/SCNS-Toolkit

Single cell network synthesis toolkit

Primary LanguageF#MIT LicenseMIT

Single Cell Network Synthesis Toolkit

The SCNS Toolkit is a set of tools for the synthesis of Boolean gene regulatory networks from single cell gene expression experiments. It was originally designed for single cell qPCR data but can also be used with RNA-seq. The toolkit produces binary gene expression values from measured data, which can be viewed as the state space of an asynchronous Boolean network. A synthesis algorithm is then used to identify the underlying Boolean logic between genes, from which networks can be built. Network stable state analysis and in silico perturbations can be carried out to generate hypotheses about gene regulation and function.

Synthesis Engine

The synthesis engine is written in F# and uses the Z3 theorem prover, via the Z3Fs DSL. It compiles and runs on Linux with F# 3.1 and Mono 3.12.1, and on Windows with F# 3.1 and .NET 4.5. Mac OS X is currently untested.
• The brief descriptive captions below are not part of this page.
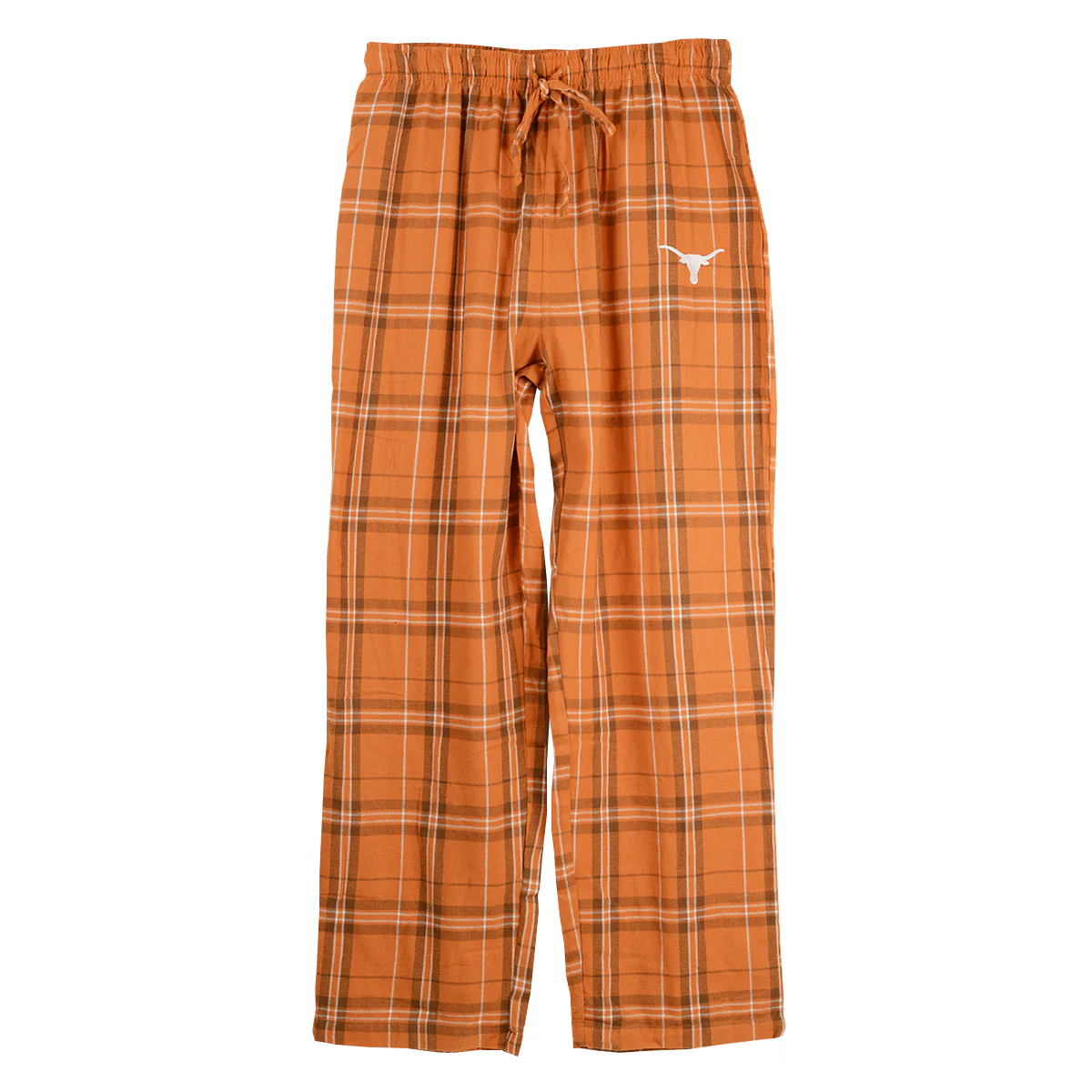 Texas Longhorn Men's Hillstone Plaid Embroidered Lounge Pants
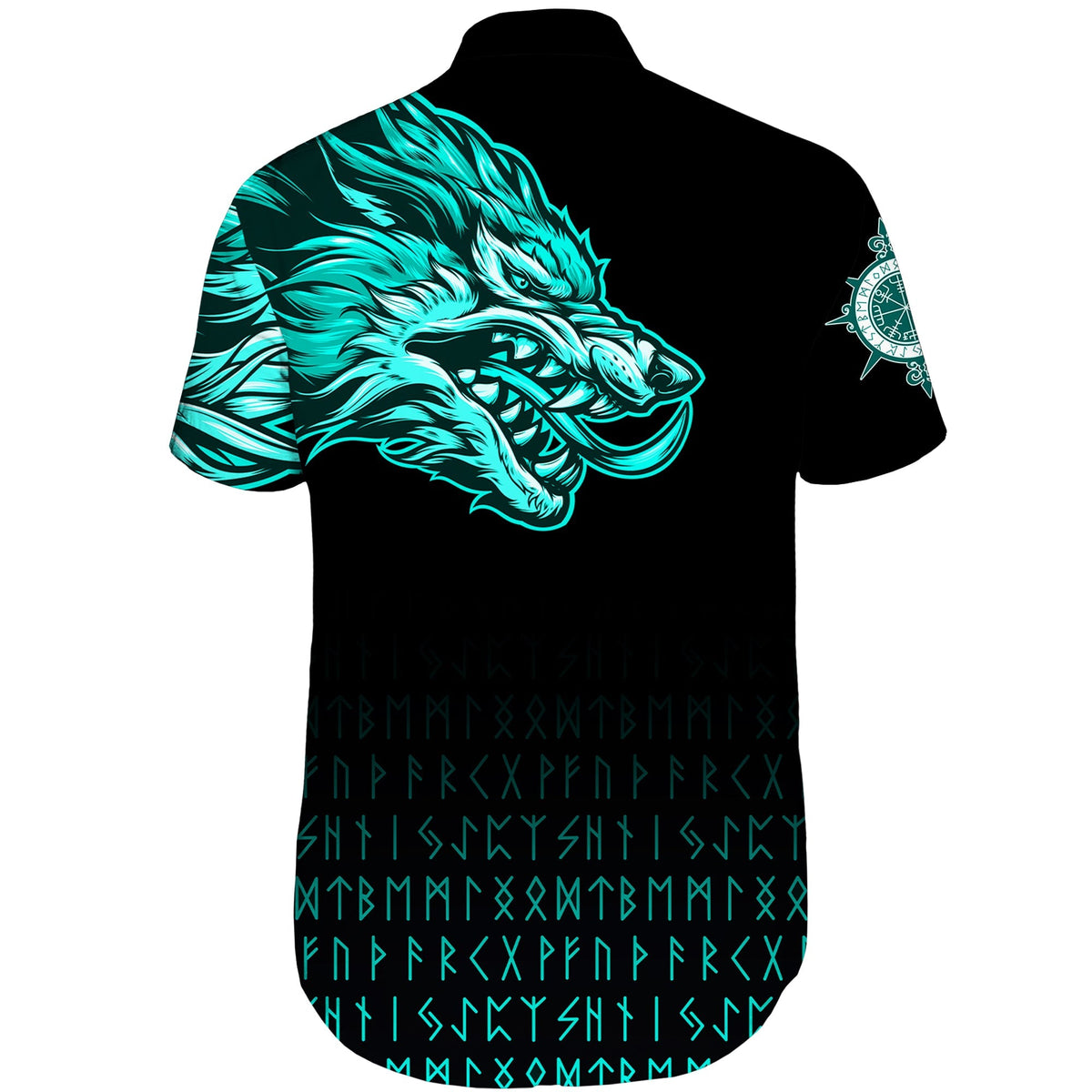 custom-viking-short-sleeve-shirts-fenrir-wolf-cyan-near-shoulder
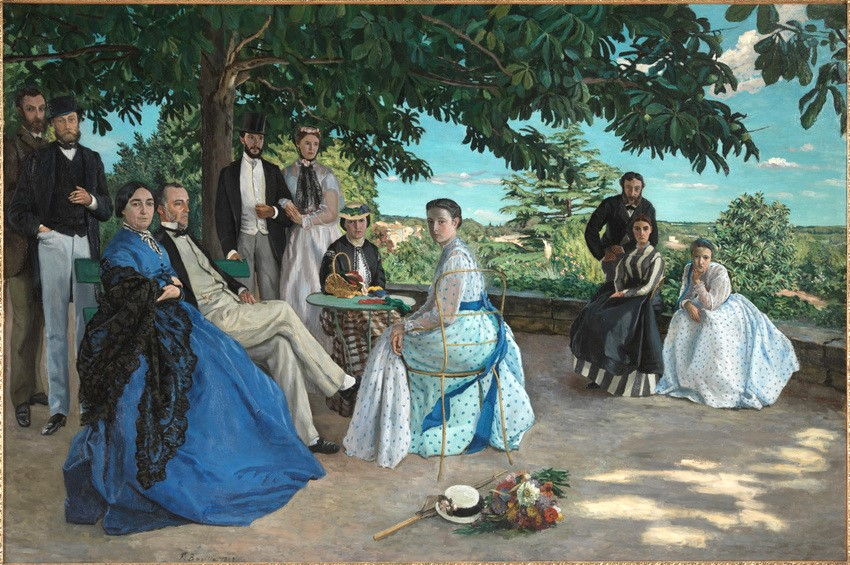Tableau Réunion de Famille sur la terrasse de Méric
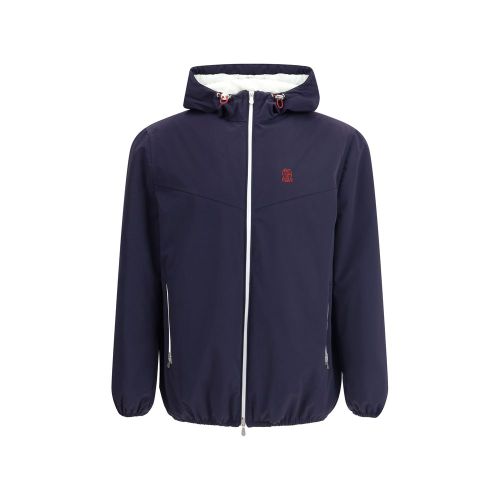 Nylon Shell Men's Jacket - Brunello Cucinelli - Modalova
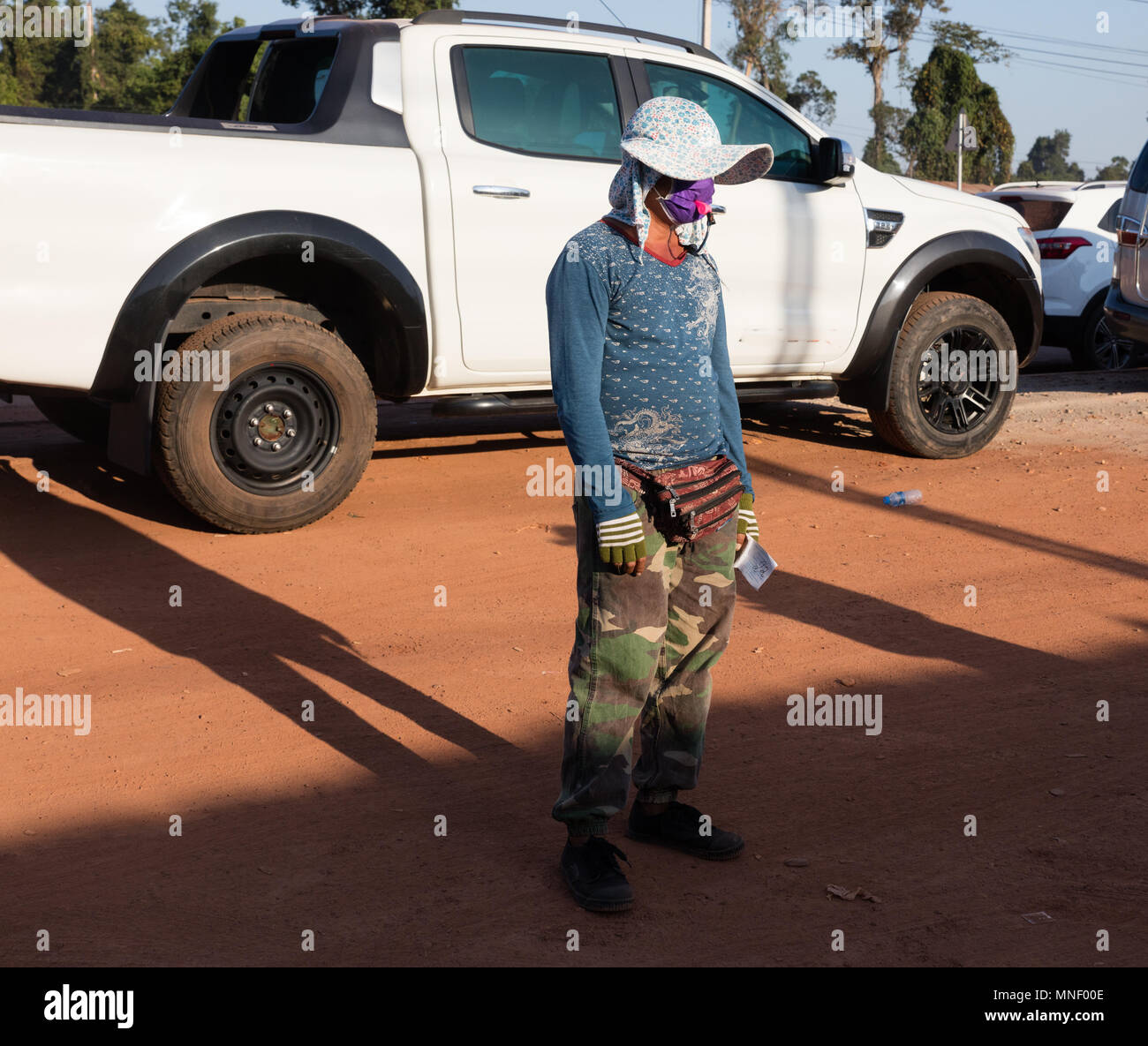 Laos, November 2016, valet parking i Stock Photo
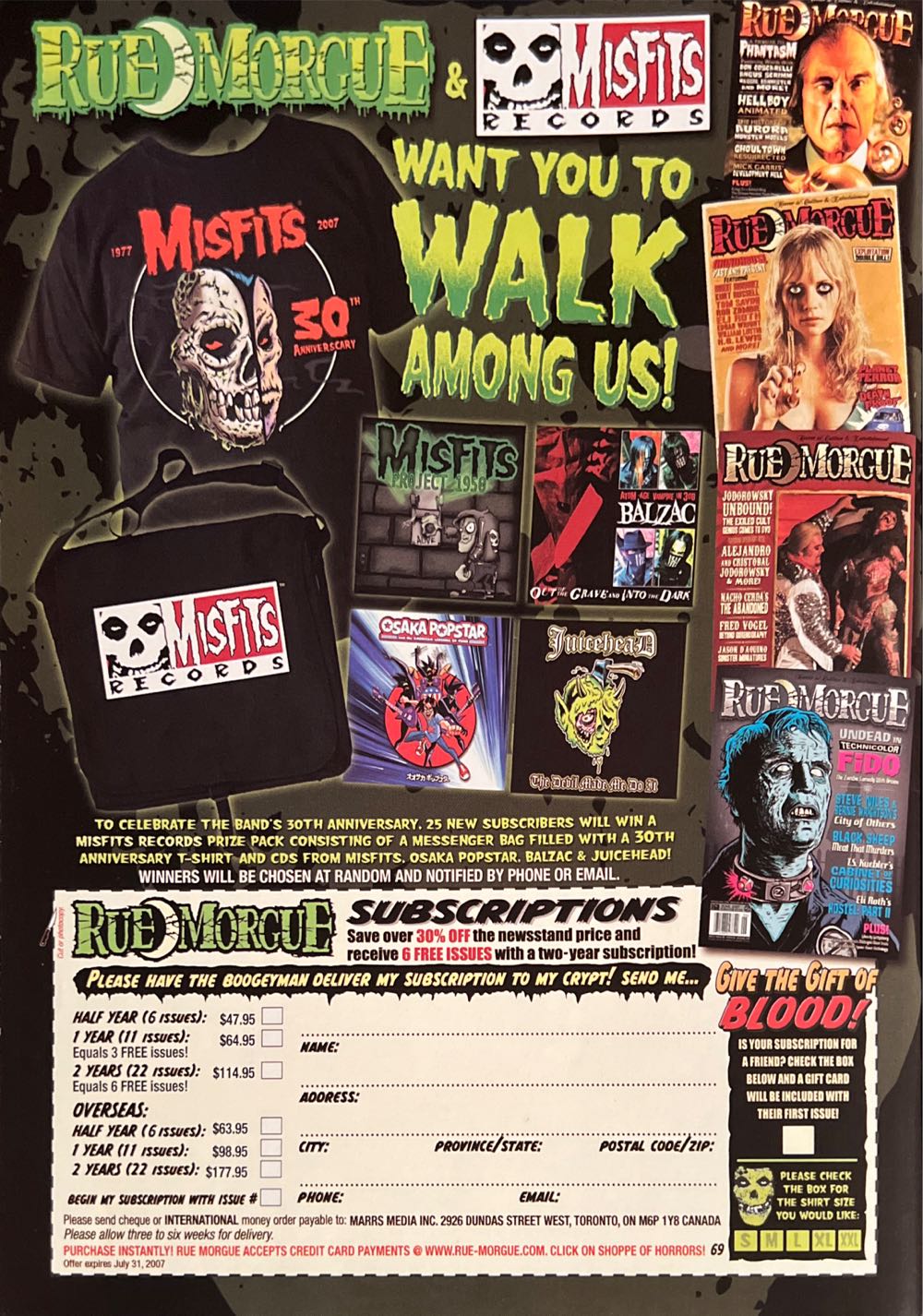 Rue Morgue #69  (July) magazine collectible [Barcode 07148602372207] - Main Image 4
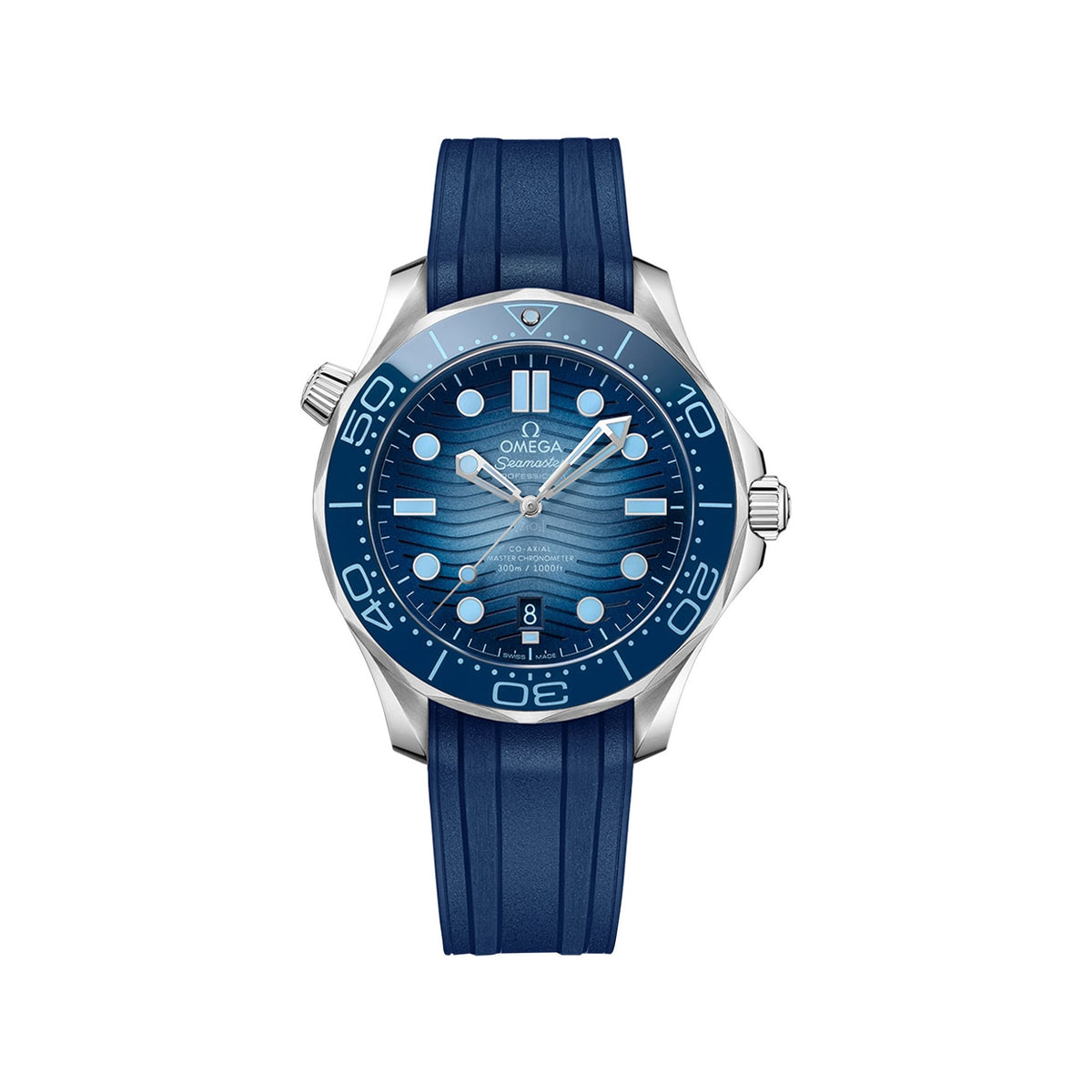 Omega Seamaster Automatic Chronometer Summer Blue Dial Men's Watch 210.32.42.20.03.002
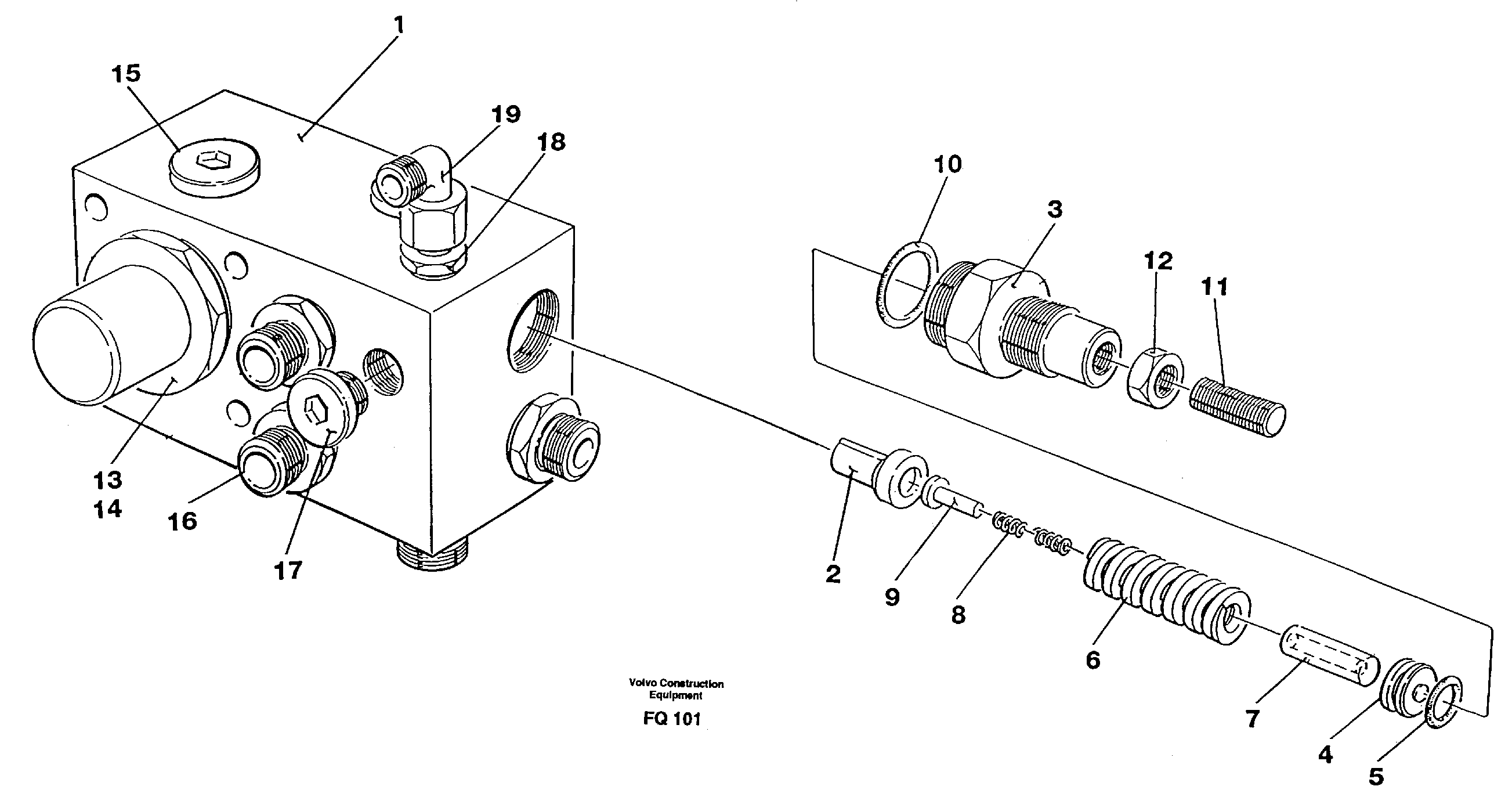 Tank connection — volvo parts diagram
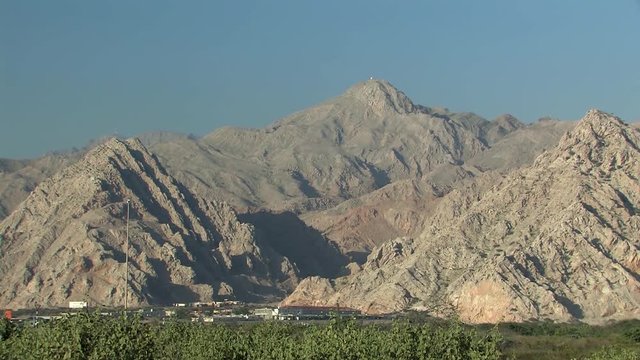 Hajar Mountains in Ras al Khaimah, UAE.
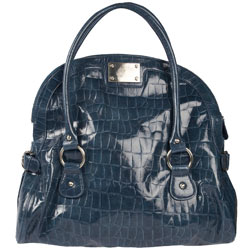 Dorothy Perkins Blue fold over zip bag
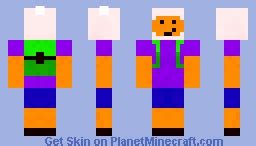 finn [with 3d hat!!!] Minecraft Skin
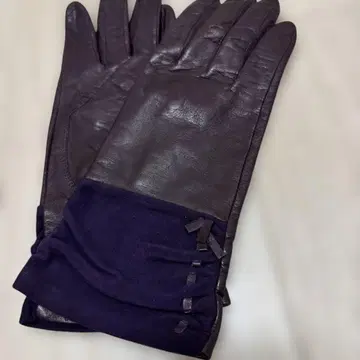 여성용 퍼플 장갑 가죽 & 스웨이드 FRANDO FERRARO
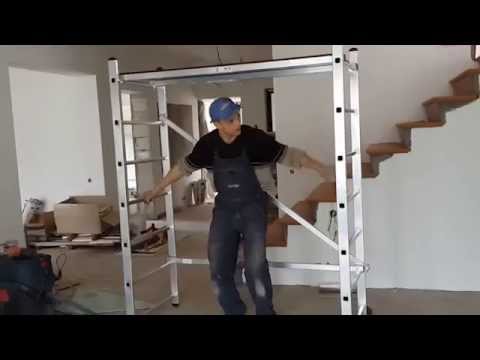 Видео: Krause подмости (18кг)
To build on Windows with Visual Studio 2013, open SynthesisEngine.sln and then select Build -> Build Solution.

To build on Linux:

xbuild SynthesisEngine.sln

After compiling, the following will run the synthesis engine on the provided example:

SynthesisEngine.exe cmpStates.csv cmpEdges.csv cmpParameters.csv cmp_initial_states.txt cmp_target_states.txt <output_directory>

On Linux, substitute mono SynthesisEngine.exe for SynthesisEngine.exe.

You may have to copy the contents of lib/ to bin/Release.

F# can be downloaded from http://www.fsharp.org/.

Scripts

Two scripts are provided in the toolkit, for converting single cell gene expression data into a format that can be handled by the synthesis engine, and for subsequent analysis of synthesised Boolean networks.

constructSTG.fsx

F# script for Linux, Windows or Mac OS X which discretises a CSV file containing single cell gene expression data to binary expression values, and then constructs a state transition graph. The input CSV file must have genes as column names and unique cell identifiers as row names.

The script produces CSV files for input to the synthesis engine and a SIF file for visualisation in Cytoscape (or a similar tool).

To run the script on input.csv with a discretisation threshold of 25 (all expression values greater than or equal to 25 will be considered unexpressed, all other values will be considered expressed) and output files of outputStates.csv, outputEdges.csv and output.sif:

fsi.exe --exec constructSTG.fsx input.csv 25 outputStates.csv outputEdges.csv output.sif

On Windows, fsi.exe can be found in C:\Program Files (x86)\Microsoft SDKs\F#\<version>\Framework\<version>\ after installing F#.

On Linux or Mac OS X, substitute fsharpi for fsi.exe.

genysis_perturbations.R

R script for Linux or Mac OS X which automates the process of running GenYsis (http://lsisrv5.epfl.ch/lsi/~garg/genysis_v2.html) on a model and performing all single-gene perturbations. The perturbed models are then compared to the wild-type model in terms of alterations to the stable states that the model is able to reach.

Both a failure to reach states normally reachable for the wild-type model, as well as stabilisation at novel "unnatural" states can be important, with the former mimicking for example the failure of a cell to develop down a given lineage, while the latter could be used to gain mechanistic understanding of pathological cellular states (such as in cancer cells). A summary of these results are collated into a CSV file.

To run the script on combined_embryo_model.net, place genysis_perturbations.R in the genysis/ directory and combined_embryo_model.net in genysis/networks/. Then use the command:

Rscript genysis_perturbations.R combined_embryo_model

R can be downloaded from http://www.r-project.org/.

License

The SCNS Toolkit is released under the MIT license; see LICENSE for more details.